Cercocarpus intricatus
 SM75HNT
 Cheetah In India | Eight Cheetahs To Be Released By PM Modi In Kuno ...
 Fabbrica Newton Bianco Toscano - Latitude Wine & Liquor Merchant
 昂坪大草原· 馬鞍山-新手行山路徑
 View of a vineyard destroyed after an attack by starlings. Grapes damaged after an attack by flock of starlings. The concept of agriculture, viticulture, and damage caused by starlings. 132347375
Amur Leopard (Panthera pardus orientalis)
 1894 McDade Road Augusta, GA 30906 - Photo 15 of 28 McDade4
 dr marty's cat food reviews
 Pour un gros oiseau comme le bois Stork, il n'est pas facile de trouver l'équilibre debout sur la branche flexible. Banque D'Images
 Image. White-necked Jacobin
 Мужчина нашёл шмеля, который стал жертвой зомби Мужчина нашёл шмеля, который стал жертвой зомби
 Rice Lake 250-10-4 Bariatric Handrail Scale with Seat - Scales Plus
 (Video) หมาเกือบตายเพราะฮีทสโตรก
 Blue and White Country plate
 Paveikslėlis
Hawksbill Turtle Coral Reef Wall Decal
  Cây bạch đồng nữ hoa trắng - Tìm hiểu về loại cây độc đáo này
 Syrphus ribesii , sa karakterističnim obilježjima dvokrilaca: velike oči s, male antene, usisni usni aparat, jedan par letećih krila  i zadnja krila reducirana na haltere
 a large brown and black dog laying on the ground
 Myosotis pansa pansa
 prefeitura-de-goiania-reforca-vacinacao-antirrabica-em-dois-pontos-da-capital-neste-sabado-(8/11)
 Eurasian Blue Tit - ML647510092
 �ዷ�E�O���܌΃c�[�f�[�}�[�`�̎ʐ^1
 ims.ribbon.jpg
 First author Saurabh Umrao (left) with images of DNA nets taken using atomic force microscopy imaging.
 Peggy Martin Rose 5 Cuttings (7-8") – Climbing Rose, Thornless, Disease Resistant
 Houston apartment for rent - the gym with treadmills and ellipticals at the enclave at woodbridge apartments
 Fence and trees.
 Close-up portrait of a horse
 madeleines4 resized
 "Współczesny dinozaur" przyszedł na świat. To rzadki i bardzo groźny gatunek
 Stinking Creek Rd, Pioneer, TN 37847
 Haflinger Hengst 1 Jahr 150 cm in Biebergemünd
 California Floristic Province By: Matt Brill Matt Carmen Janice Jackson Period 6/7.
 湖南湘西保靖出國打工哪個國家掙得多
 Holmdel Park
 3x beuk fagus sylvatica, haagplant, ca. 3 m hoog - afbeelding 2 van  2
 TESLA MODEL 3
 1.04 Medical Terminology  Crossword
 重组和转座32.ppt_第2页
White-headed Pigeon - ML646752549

» Problem details:
Take the stretch of lines above from the one containing "Myosotis pansa pansa" through the one containing "Houston apartment for" and repeat it exactly, adding no other line.

» Output of the task:
 Myosotis pansa pansa
 prefeitura-de-goiania-reforca-vacinacao-antirrabica-em-dois-pontos-da-capital-neste-sabado-(8/11)
 Eurasian Blue Tit - ML647510092
 �ዷ�E�O���܌΃c�[�f�[�}�[�`�̎ʐ^1
 ims.ribbon.jpg
 First author Saurabh Umrao (left) with images of DNA nets taken using atomic force microscopy imaging.
 Peggy Martin Rose 5 Cuttings (7-8") – Climbing Rose, Thornless, Disease Resistant
 Houston apartment for rent - the gym with treadmills and ellipticals at the enclave at woodbridge apartments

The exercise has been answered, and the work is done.